Robert J. Quinn’s tenure as commissioner of the Chicago Fire Department spanned the Daley Machine era. Quinn took over the department in 1957, two years into Mayor Richard J. Daley’s first term. His subsequent 21 years in office made him a Chicago institution in his own right. Today, the city’s fire academy bears his name as a tribute.
But the beginning and end of Quinn’s career were marked by crisis: In 1958, with a massive and deadly school fire at Our Lady of the Angels, and with a pair of Chicago Reporter stories that examined the fire department’s poor performance in the 1970s.
In 1975, Vernon C. Thompson found that Chicago’s fire death rates ranked worst among the country’s largest 10 cities, despite the fact that the department had been undercounting the deaths of low-income, mostly black Chicagoans.
Three years later, a follow-up by Sharon McGowan found that the department had made little headway in cutting the city’s death rate. The poor performance was hardly a surprise, given that the department had cut its force by 615 firefighters in the previous eight years.
By the time McGowan’s story was published in February 1978, Quinn was already under investigation by the Better Government Association for alleged shakedowns by fire inspectors. And the U.S. Court of Appeals had just ordered the department to cease its discriminatory hiring practices.

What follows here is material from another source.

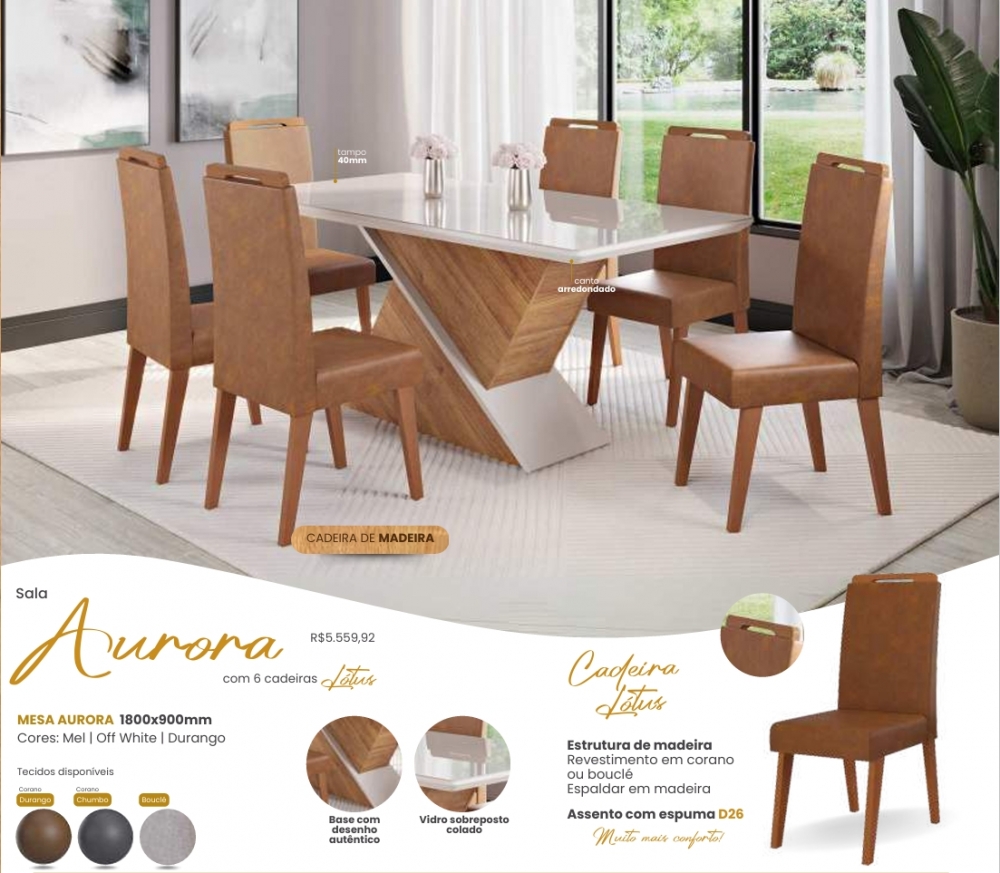 Mesa Aurora + Cadeira Lótus | Viero | Venda: -45% 0925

“As a result of my story, other media outlets picked up the story and asked for a response. I believe that was a time when [Quinn] said something about, ‘We don’t count people who jump out of windows,’” McGowan recalled.
Quinn soon resigned. In the ensuing media flurry, the Chicago Tribune wrote that the Reporter’s story “capped” recent criticism of “Quinn’s 21-year reign as fire commissioner.”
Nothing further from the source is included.